> [WORK TO COMPLETE]
Return every entry exactly as written.
----------
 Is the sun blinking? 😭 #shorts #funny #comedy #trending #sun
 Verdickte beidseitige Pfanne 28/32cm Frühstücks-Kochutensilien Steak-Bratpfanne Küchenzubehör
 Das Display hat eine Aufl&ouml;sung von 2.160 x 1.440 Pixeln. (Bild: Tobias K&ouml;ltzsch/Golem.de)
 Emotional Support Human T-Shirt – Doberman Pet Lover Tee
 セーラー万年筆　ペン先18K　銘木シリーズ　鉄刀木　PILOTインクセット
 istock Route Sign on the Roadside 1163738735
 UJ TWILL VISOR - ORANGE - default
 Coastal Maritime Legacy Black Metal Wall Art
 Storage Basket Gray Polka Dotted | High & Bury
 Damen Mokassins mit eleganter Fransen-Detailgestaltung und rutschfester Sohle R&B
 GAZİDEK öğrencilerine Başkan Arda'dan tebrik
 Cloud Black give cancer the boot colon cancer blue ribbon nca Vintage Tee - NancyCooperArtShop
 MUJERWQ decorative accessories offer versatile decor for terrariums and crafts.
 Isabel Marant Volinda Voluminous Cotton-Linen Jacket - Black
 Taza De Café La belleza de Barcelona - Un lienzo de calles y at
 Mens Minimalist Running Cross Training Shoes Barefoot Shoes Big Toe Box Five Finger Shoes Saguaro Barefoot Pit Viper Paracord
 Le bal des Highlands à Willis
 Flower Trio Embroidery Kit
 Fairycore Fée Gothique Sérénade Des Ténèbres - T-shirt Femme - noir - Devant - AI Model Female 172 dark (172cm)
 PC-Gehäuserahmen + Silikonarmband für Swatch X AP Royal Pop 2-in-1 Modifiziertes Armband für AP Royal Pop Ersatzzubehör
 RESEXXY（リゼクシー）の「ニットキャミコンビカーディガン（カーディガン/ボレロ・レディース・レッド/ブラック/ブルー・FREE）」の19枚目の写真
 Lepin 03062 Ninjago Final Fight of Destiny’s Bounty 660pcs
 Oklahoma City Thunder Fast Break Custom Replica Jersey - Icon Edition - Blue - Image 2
----------
> [RESULT OF THE TASK]
 Is the sun blinking? 😭 #shorts #funny #comedy #trending #sun
 Verdickte beidseitige Pfanne 28/32cm Frühstücks-Kochutensilien Steak-Bratpfanne Küchenzubehör
 Das Display hat eine Aufl&ouml;sung von 2.160 x 1.440 Pixeln. (Bild: Tobias K&ouml;ltzsch/Golem.de)
 Emotional Support Human T-Shirt – Doberman Pet Lover Tee
 セーラー万年筆　ペン先18K　銘木シリーズ　鉄刀木　PILOTインクセット
 istock Route Sign on the Roadside 1163738735
 UJ TWILL VISOR - ORANGE - default
 Coastal Maritime Legacy Black Metal Wall Art
 Storage Basket Gray Polka Dotted | High & Bury
 Damen Mokassins mit eleganter Fransen-Detailgestaltung und rutschfester Sohle R&B
 GAZİDEK öğrencilerine Başkan Arda'dan tebrik
 Cloud Black give cancer the boot colon cancer blue ribbon nca Vintage Tee - NancyCooperArtShop
 MUJERWQ decorative accessories offer versatile decor for terrariums and crafts.
 Isabel Marant Volinda Voluminous Cotton-Linen Jacket - Black
 Taza De Café La belleza de Barcelona - Un lienzo de calles y at
 Mens Minimalist Running Cross Training Shoes Barefoot Shoes Big Toe Box Five Finger Shoes Saguaro Barefoot Pit Viper Paracord
 Le bal des Highlands à Willis
 Flower Trio Embroidery Kit
 Fairycore Fée Gothique Sérénade Des Ténèbres - T-shirt Femme - noir - Devant - AI Model Female 172 dark (172cm)
 PC-Gehäuserahmen + Silikonarmband für Swatch X AP Royal Pop 2-in-1 Modifiziertes Armband für AP Royal Pop Ersatzzubehör
 RESEXXY（リゼクシー）の「ニットキャミコンビカーディガン（カーディガン/ボレロ・レディース・レッド/ブラック/ブルー・FREE）」の19枚目の写真
 Lepin 03062 Ninjago Final Fight of Destiny’s Bounty 660pcs
 Oklahoma City Thunder Fast Break Custom Replica Jersey - Icon Edition - Blue - Image 2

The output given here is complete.